7 Tahun Abaikan Arahan Kemensos? Dinsos Batu Bara Masih Tempel Stiker "Keluarga Miskin", Bupati Diminta Copot Kadis
Fakta itu memunculkan pertanyaan serius mengenai kepatuhan Pemerintah Kabupaten Batu Bara terhadap kebijakan pemerintah pusat.
Stiker yang terpasang di rumah-rumah warga memuat logo Kementerian Sosial RI, Pemerintah Kabupaten Batu Bara, Program Keluarga Harapan (PKH), dan Dinas Sosial Kabupaten Batu Bara. Namun, pada bagian tengahnya masih tertulis mencolok "Keluarga Miskin Penerima Manfaat Bantuan Sosial".
Padahal, melalui Surat Direktorat Jenderal Perlindungan dan Jaminan Sosial Kementerian Sosial RI Nomor 1000/LJS/HM.01/6/2019 tertanggal 18 Juni 2019, seluruh pemerintah daerah diminta menghentikan penggunaan istilah "Keluarga Miskin" dan menggantinya menjadi "Keluarga Pra Sejahtera".
Lebih tegas lagi, pada poin keempat surat tersebut, pemerintah daerah yang telah memasang stiker maupun melakukan pengecatan rumah dengan tulisan "Keluarga Miskin" diminta mengganti seluruh tulisan itu menjadi "Keluarga Pra Sejahtera" secara konsisten.
Namun hingga 2026, istilah yang telah diminta untuk diubah itu masih digunakan oleh Dinas Sosial Kabupaten Batu Bara.
Ironisnya, pada bagian bawah stiker juga tercantum peringatan bahwa stiker tidak boleh dilepas maupun dirusak.
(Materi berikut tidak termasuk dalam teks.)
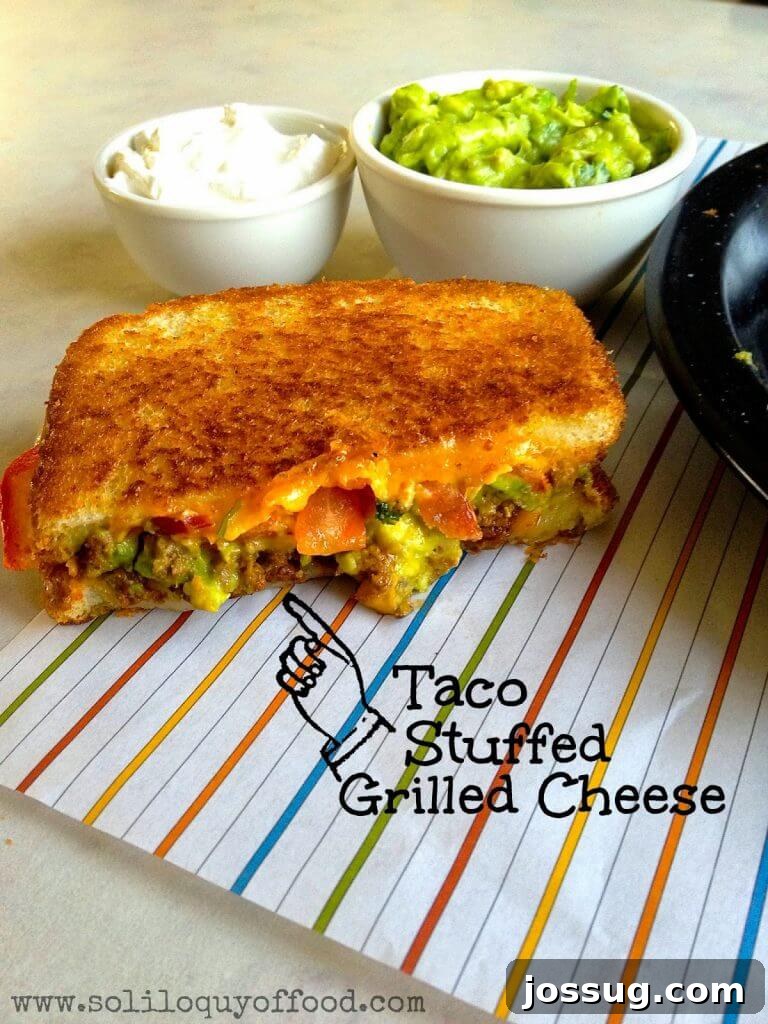 Pepperoni Pizza Melt with Garlic Herb Butter Crust 3 Half of a taco stuffed grilled cheese sandwich on a plate mat.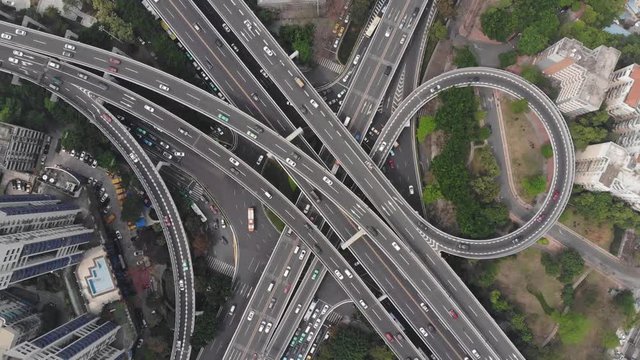 Cinematic top-down aerial shot of large junction in Chinese city, many flyover span above Guangzhou Middle Avenue. Camera turn while looking straight down.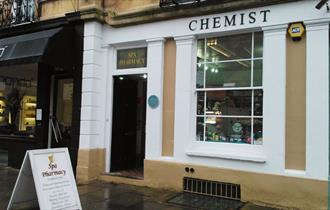 Spa Pharmacy's traditional stone shop front with blue plaque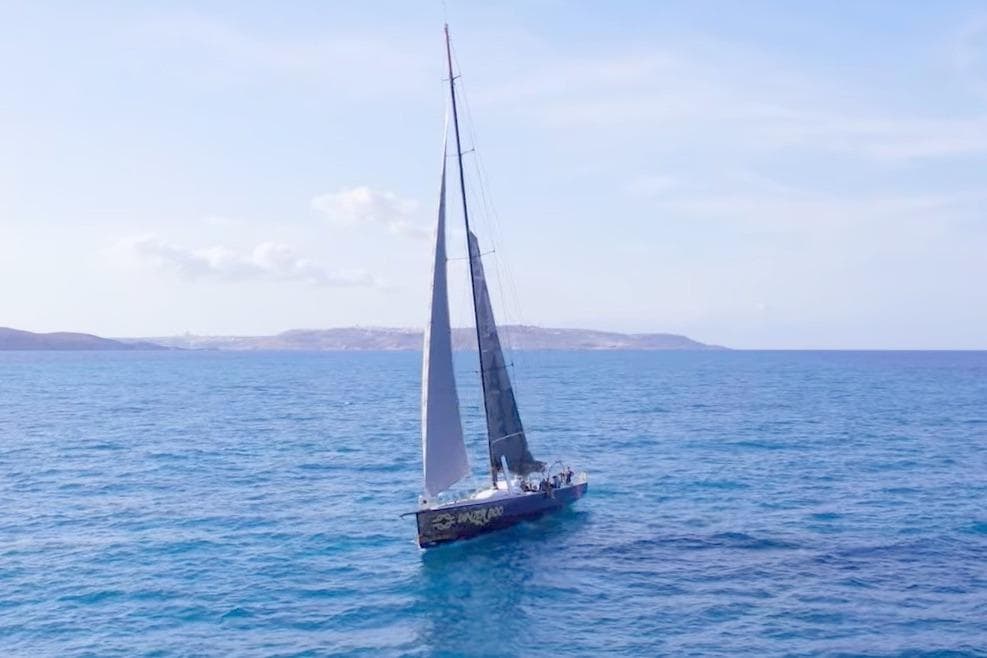 Sailing yacht "Green Marine Volvo Ocean 70" on open sea, 2005 model.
Bahkan disebutkan bahwa penerima yang melepas atau merusak stiker dianggap mengundurkan diri dari kepesertaan bantuan sosial.
Kondisi tersebut menuai kritik dari pemuda penggiat sosial, Erickson Gultom.
"Kami mendesak Bupati Batu Bara segera mengevaluasi Kepala Dinas Sosial Kabupaten Batu Bara. Seluruh stiker bertuliskan 'Keluarga Miskin' harus dicabut dan diganti menjadi 'Keluarga Pra Sejahtera' sebagaimana diperintahkan dalam poin keempat Surat Direktorat Jenderal Perlindungan dan Jaminan Sosial Kementerian Sosial RI Nomor 1000/LJS/HM.01/6/2019," tegas Erickson, Selasa (21/7/2026).
Menurut Erickson, penggunaan label tersebut bukan sekadar persoalan administrasi, tetapi menyangkut penghormatan terhadap martabat masyarakat penerima bantuan sosial.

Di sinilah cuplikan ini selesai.